The structure of temporal and durational grounding in the graphic novel enables Miller to bring chronological disparities into play, just as the body/world duality that grounds us in the world sanctions the multiplicities of voice and time that characterize Elektra: Assassin. The inconsistencies of voice and time Miller brings into play not only emphasize the integrity of ground, but also describe the nature of Elektra’s world . The integrity of the world is the basis for its distortions and transgressions. This integrity is twofold. The first deals with the characters, their wit, cunning and bag of tricks, and the second with the closure of “world.” The initial aspect is not only specific to sequential art, but also found in James Bond films and similar media. Characters such as Daredevil, Elektra, and Bond are in thrall to nihilistic energies against which the only option is to win, not to find truth or eternal values. The protagonist must have extraordinary powers and/or apparatus. This may take the form of a power ring or of clever companions collected along the way, as well as brute strength and cunning. These abilities are rarely, unless humorously, used for everyday activities (such as making a sandwich) or for charitable enterprises (such as healing the sick, or reducing poverty), although saving the world is something the comic book superhero does with astonishing regularity.
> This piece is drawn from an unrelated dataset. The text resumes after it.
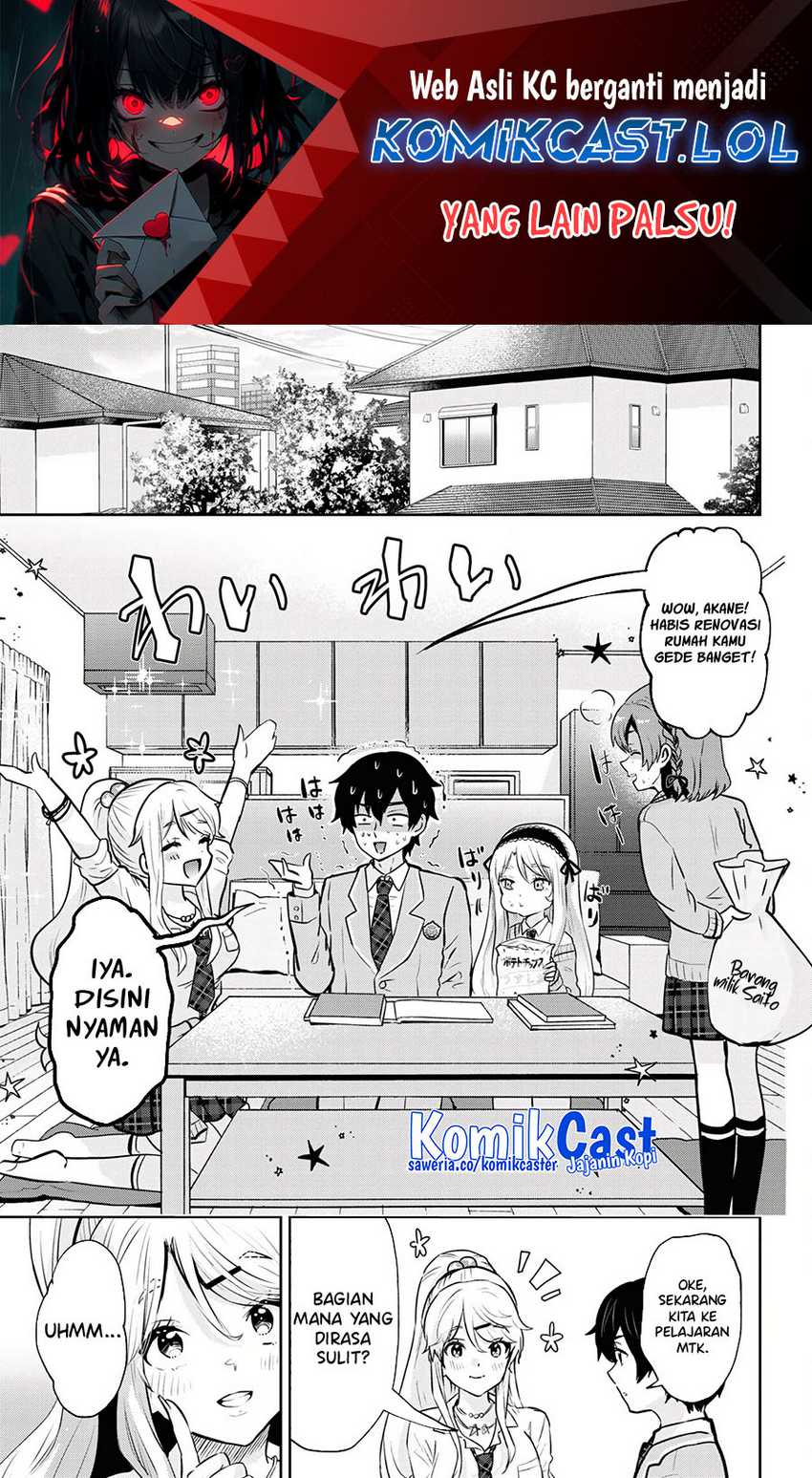 Baca Manga Kurasu no Daikirai na Joshi to Kekkon Suru Koto ni Natta Chapter 18.2 Gambar 2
The second aspect of the integrity of the world is the coherence of mimetic closure, whereby events at the conclusion relate directly to conditions and circumstances with which the tale begins. As with the film frame, in sequential art one cannot put anything into each panel, although that freedom exists only hypothetically. As Elektra: Assassin is chaotic in terms of time, identity and place, the l the memories, allusions, and so on must be interesting on a psychological level, first in Elektra and next in the reader. As in other genres, such as horror, this places a special burden on settings and material artifacts. The places and things the reader sees need to move as if endowed with (generally malevolent) intentions of their own. Stability is not completely recovered, or at least not at a level of profundity that matches the horror. Beyond the demonic setting there is little that denies either character or reader of the customary stability of the background, instead pushing it into a deep distance that solicits anxiety.